Bakan Yerlikaya'nın konuşmasından bazı satır başları şöyle:

"Merhum Adnan Menderes’in manevi huzurunda, 27 Mayıs’ın, 12 Eylül’ün, 15 Temmuz’u; Tüm darbe, ihanet ve kalkışmalarının karşısında Dimdik durduğumuzu tüm dünyaya ilan ediyoruz. Bu hain saldırılar,

Sadece iktidar hırsıyla hareket eden cuntacıların basit bir kalkışması değildi. Milletimizin istiklal ve istikbaline; Devletimizin bekasına kurulmuş pusulardı. Ülkemiz ne zaman ilerleme istikametine girse, kirli ve karanlık odaklar harekete geçti ve piyonlarını sahneye sürdü hep. İşte Merhum Adnan Menderes dönemi…

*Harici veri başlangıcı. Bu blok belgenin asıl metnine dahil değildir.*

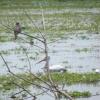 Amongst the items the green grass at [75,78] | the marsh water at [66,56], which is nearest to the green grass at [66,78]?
the green grass at [75,78]

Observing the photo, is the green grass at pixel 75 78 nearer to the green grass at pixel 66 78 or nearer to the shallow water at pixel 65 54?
the green grass at pixel 66 78

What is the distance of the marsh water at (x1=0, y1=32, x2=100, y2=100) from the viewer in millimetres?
15398

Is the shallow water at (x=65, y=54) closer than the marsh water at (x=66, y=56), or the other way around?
the marsh water at (x=66, y=56)

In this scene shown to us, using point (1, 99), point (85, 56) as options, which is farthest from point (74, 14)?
point (1, 99)

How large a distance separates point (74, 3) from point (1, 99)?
136ft

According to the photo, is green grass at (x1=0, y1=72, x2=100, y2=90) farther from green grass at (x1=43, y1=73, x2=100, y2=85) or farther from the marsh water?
the marsh water

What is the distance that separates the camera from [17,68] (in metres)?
16.0

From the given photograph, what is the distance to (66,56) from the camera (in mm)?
18734

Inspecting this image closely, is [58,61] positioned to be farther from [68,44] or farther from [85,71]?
[68,44]

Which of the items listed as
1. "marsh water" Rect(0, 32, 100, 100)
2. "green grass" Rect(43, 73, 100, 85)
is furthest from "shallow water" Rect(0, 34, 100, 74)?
"green grass" Rect(43, 73, 100, 85)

Tek Parti rejiminden sonra 1950 yılında,‘’Yeter Söz Milletin!’’ diyerek iktidara gelen Demokrat Parti; çok kısa bir zaman içinde, büyük ekonomik kalkınma hamlelerin altına imzasını attı. Tarımda makineleşme reformu gerçekleşti, Üretim arttı. Altyapı, ulaştırma, enerji ve reel sektör yatırımlarıylabu dönemde Türkiye ortalama 7,8 büyüdü.

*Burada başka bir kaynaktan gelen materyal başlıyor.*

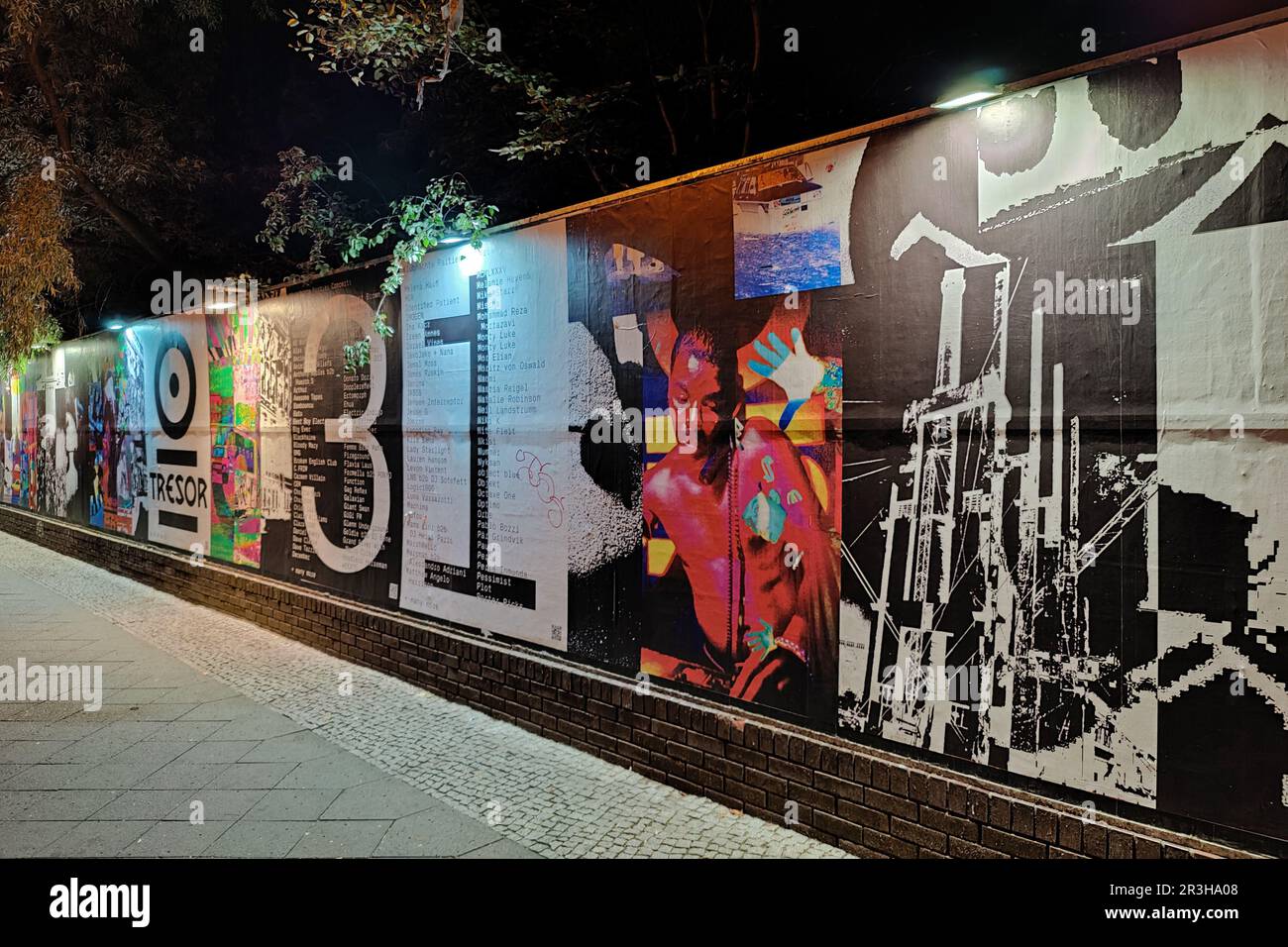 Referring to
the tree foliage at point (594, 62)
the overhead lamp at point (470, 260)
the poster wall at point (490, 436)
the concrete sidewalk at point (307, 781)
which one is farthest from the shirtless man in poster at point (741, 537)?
the tree foliage at point (594, 62)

Bacası tüten,İstihdam sağlayan yeni fabrikalar, Sulama barajları, Termik santraller, Limanlar, havalimanları ve Günümüzde de varlığını sürdüren kamu iktisadi kuruluşları faaliyete başladı.

1950-1960 yılları arasında 14 bin kilometrelik karayolu, 30 bin kilometrelik köy yolu yapıldı. SEKA yeniden yapılandırıldı, Vakıfbank kuruldu, Türkiye Petrolleri Anonim Ortaklığı kuruldu. DSİ, Et ve Balık Kurumu, Türkiye Kömür İşletmeleri, Devlet Malzeme Ofisi, Demir-Çelik İşletmeleri Genel Müdürlüğü ve daha nice büyük işletme kuruldu.

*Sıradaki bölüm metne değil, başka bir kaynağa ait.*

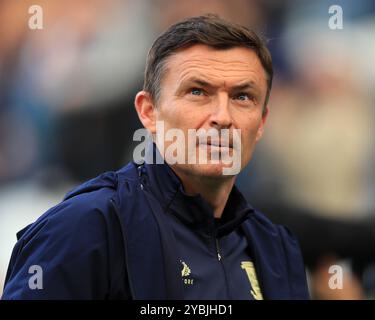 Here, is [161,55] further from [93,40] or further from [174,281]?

İş yeri sayısı 23 binden 73 bine; Çalışan sayısı 223 binden, 582 bine yükseldi. Peki sonra ne oldu? Önce 27 Mayıs, Ardından Türk demokrasisine kara bir leke olarak geçen Yassıada günleri... Yassıada mahkemelerinde, insanlık onuru ayaklar altına alındı.

Aralarından bakanların, milletvekillerinin, Komutanların ve bürokratların olduğu 592 kişi, 11 ay boyunca yargılandı. Her biri hücrelerde, zindanlarda tutuldu; Yaşananlar sadece demokrasi adına değil, Adalet adına da, İnsanlık adına da utanç vericiydi. 15 ay Yassıada’da tutuklu kalan Şair Faruk Nafiz Çamlıbel,‘’Zindan Duvarları’’nı dizelerinde şöyle anlatıyordu:

‘’Bilmiyor gülmeyi sakinlerinin binde biri,

Bir vatan derdi birikmiş bir avuçluk karada,

Kuşu hicran getirir, dalgası hüsran götürür,

Mavi bir gölde elem katrasıdır Yassıada.’’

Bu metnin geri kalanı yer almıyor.